As my family and I have worked through the grieving process, I've said all along what I've said time and again to others, that it may very well be that the process by the time we get through it closes the window. I've concluded it has closed.

There’s another very good reason Biden may have decided to pass on 2016, though. And it has everything to do with pragmatism, realism, and his enduring political legacy. Simply put, on the basis of current polls and projections, and the likely impact Biden would’ve had on what’s now a two-way race between Democratic frontrunner Hillary Clinton and hard-charging underdog Bernie Sanders, it’s highly unlikely that he would’ve won the nomination.

Getting into a presidential race as a young up-and-comer to generate some attention and familiarity might’ve been one thing. But Biden is 73 now, and will be 74 on election day. He’s well past the point in his career where anything but a legitimate shot to win is worth enduring another national campaign.

And although Biden's prospects have been boosted by his years in the White House, the last time he ran for president, it went pretty disastrously.
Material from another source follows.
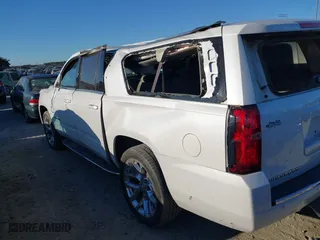 2019 Chevrolet Suburban Premier with VIN 1GNSCJKC0KR293658, listed as a IAAI auction lot 40563834 with 153,619 mi miles. Bid and sale history available at carsss.com. Image 14.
He ultimately dropped out of the 2008 race after winning less than one percent of the vote in the Iowa caucus. Frankly, his influence and political legacy can only benefit by his not running. Now, he’ll be remembered for his statesmanlike tenure as VP, rather than for a potentially protracted, divisive primary contest. Simply put, as disappointed as a lot of people are, this was the right decision for Biden ― both personally and politically.